Hamish Renton, managing director of food and drink industry consultancy HRA, examines Genius Foods’ decision to focus on branded sales rather than own-label
Genius Foods recently announced it is to ‘simplify’ – ie downsize – by exiting own-label.
Through recent acquisitions and the need for efficient production scale in its formative years, Genius found itself holding substantive volume positions in own-label free-from bakery.
However, it is no great surprise that own-label proved to be commercially unrewarding territory for a venture capital-backed business, keen for a return on investment (ROI).
Retailers have encouraged new production capacity in the growing free-from sector. But own-label brings volume into the category and, classically, value heads quietly out the back door.
This doesn’t happen all at once – so let’s use a baking analogy – it’s like someone is pinching the value in the loaf one slice at a time. Then, one day, there are just a few slices left and no loaf.
Genius appears to have decided the UK gluten-free own-label bakery market is now an undifferentiated volume game, with retailers not willing to pay a sufficient enough premium for its style of provenance or innovation.
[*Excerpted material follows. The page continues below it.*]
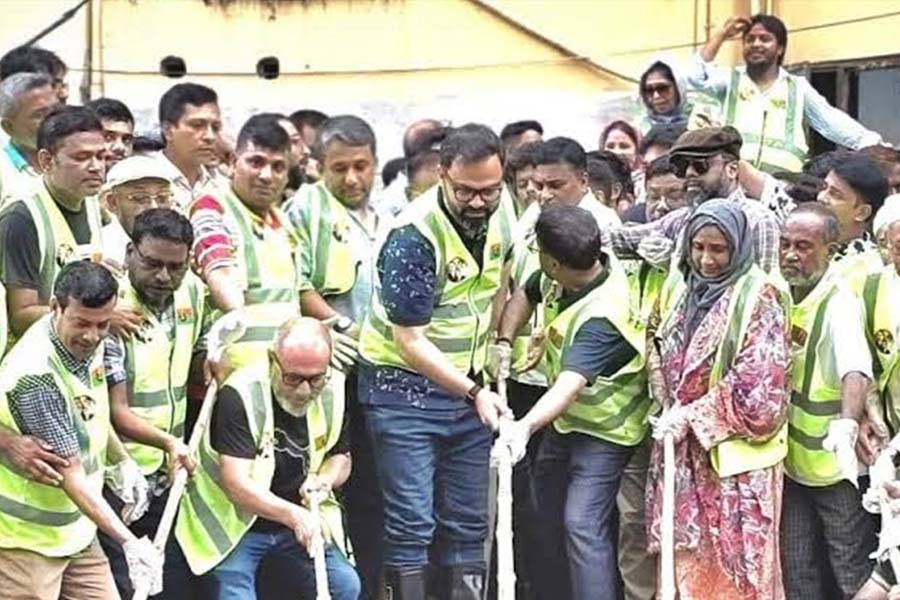 জনগণকে সঙ্গে নিয়েই প্রকৃত পরিবর্তন : আমিনুল হক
After all, you don’t see venture capitalists pumping cash into many own-label suppliers these days – it’s hard to drive a 15- 20% year-on-year ROI.
Genius CEO Jeremy Bradley cited the new strategy as ‘focusing on developing and investing in a strong Genius brand’ to drive growth. This sounds like a good plan and the inference is clear: own-label contracts were marginal in venture-capital terms and acting as a value drag.
Genius recovered well from a product recall in 2015 – going on to acquire frozen food manufacturer Chapel Foods five months later – and is clearly a brand trusted and valued by consumers. However, although brands represent 76% of the category, this is a falling share, so competition will only intensify.
Having exited own-label, Genius needs to play to win in the branded space. And there are two key areas it is best to focus on in free-from. Firstly, the healthy space – where brands need to invest in technical product development skills to improve the nutritional profile of products, especially fat, saturated fat and sugar, which is particularly tough in bakery. Secondly, there should be a renewed focus on convenience, especially ready-to-eat and ready-to-cook. The brands that address these two trends will be in a great position for future growth.